Give the listing again in full and exactly, apart from its pictures.

Input data:
____________________

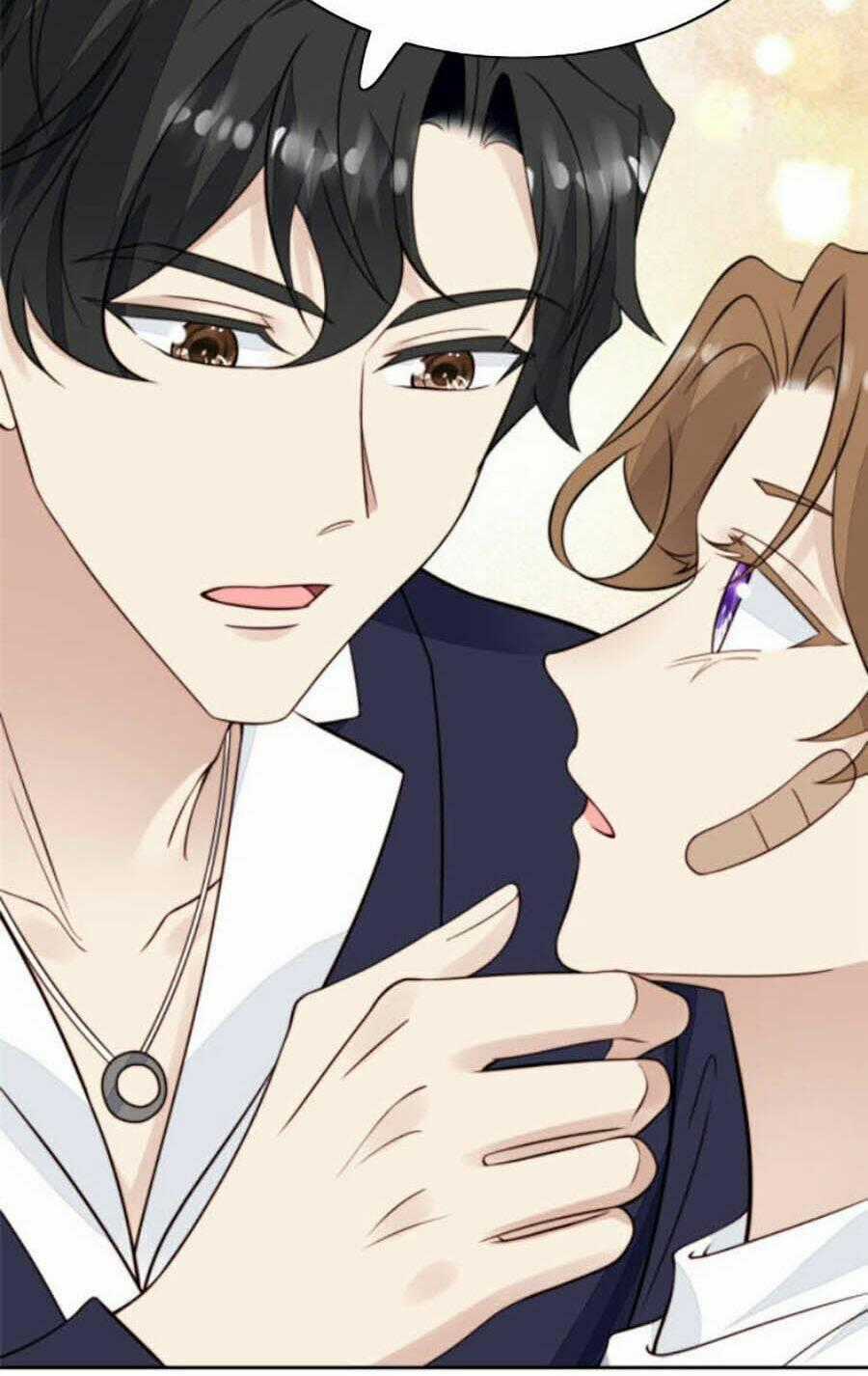 Lưng Dựa Núi Lớn Đứng Vững C Vị Chapter 35 trang 47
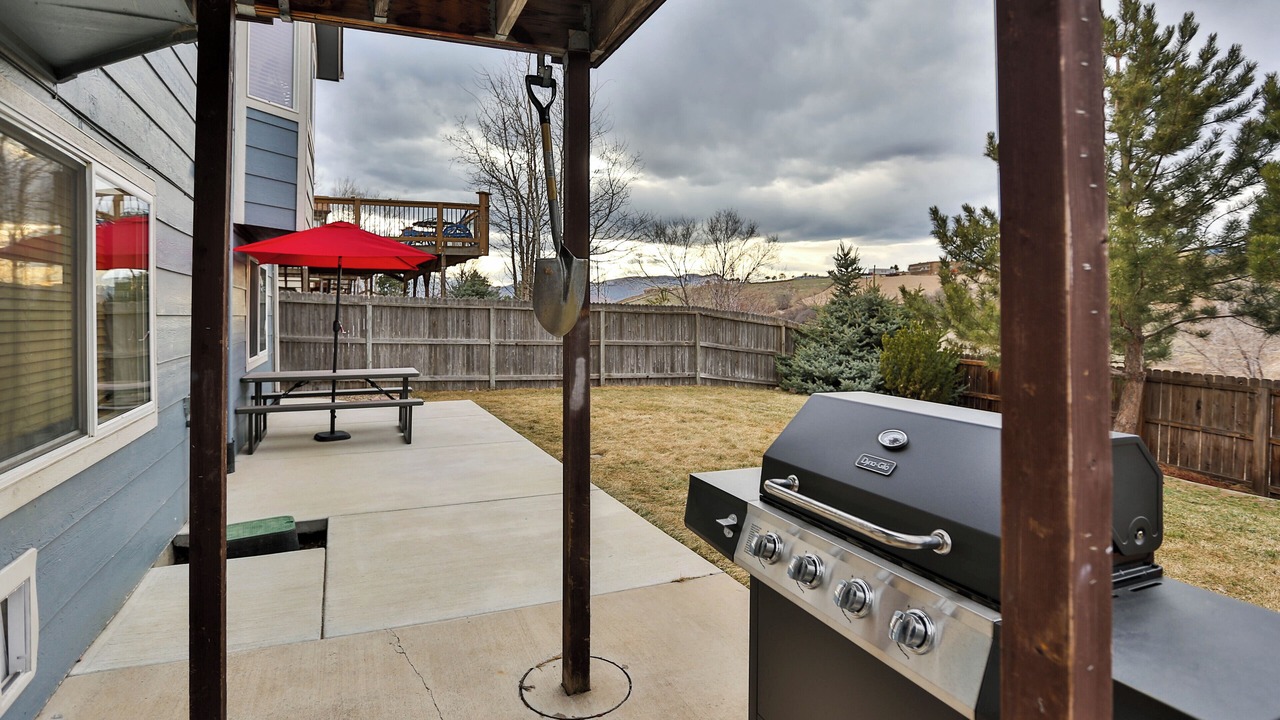 Photo of Outdoor in Northeast Colorado Springs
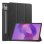 Funda Folio pour Lenovo Idea Tab Pro 12.7" DLH DY-PS5426 Noir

____________________

Solved problem:
 Lưng Dựa Núi Lớn Đứng Vững C Vị Chapter 35 trang 47
 Photo of Outdoor in Northeast Colorado Springs
 Funda Folio pour Lenovo Idea Tab Pro 12.7" DLH DY-PS5426 Noir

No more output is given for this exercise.